1) Le 5 rue de l’Isly est l’adresse des Hugo de juillet à octobre 1848. Ils ont quitté leur appartement du 6 place des Vosges pendant les journées de juin.

2) Devenu riche grâce à un oncle qui a eu la bonne idée de décéder, Frédéric emménage dans un hôtel rue de Rumfort (L’Éducation sentimentale). Cette rue s’étendait entre les rues Lavoisier et Laborde et a été absorbée par le boulevard Malesherbes et la place Saint-Augustin.

3) Toujours dans L’Éducation sentimentale, les Dambreuse habitent rue d’Anjou. Riche financier conservateur, M. Dambreuse se met - après la révolution - à apprécier les républicains et même un peu les socialistes, sait-on jamais…

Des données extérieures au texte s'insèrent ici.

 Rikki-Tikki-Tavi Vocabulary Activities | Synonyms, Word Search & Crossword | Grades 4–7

4) Le matin du 22 février, une foule se rassemble donc devant l’église de la Madeleine, dans le froid et la pluie. Le banquet républicain prévu mais interdit par le pouvoir doit se tenir dans l’ancienne abbaye des Cordelières (devenu hôpital Broca), 54 rue Pascal. De la Madeleine, la foule se dirige vers la Chambre des députés.

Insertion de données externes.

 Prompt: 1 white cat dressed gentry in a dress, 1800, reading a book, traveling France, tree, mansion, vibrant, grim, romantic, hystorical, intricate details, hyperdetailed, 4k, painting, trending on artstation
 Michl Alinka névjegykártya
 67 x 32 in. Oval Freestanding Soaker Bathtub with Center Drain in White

5) Le ministère des Affaires étrangères, où réside Guizot, occupe entre 1820 et 1853 un hôtel à l’angle du boulevard des Capucines et de l’avenue de l’Opéra (panonceau). Des manifestants s’y rassemblent le soir du 23 février, pour montrer leur joie de voir Guizot démis de ses fonctions de chef de gouvernement. Alors qu’un calme relatif est revenu depuis les échauffourées de la veille, la garde ouvre le feu et tue quelques dizaines de personnes. Le lendemain, la monarchie n’existe plus.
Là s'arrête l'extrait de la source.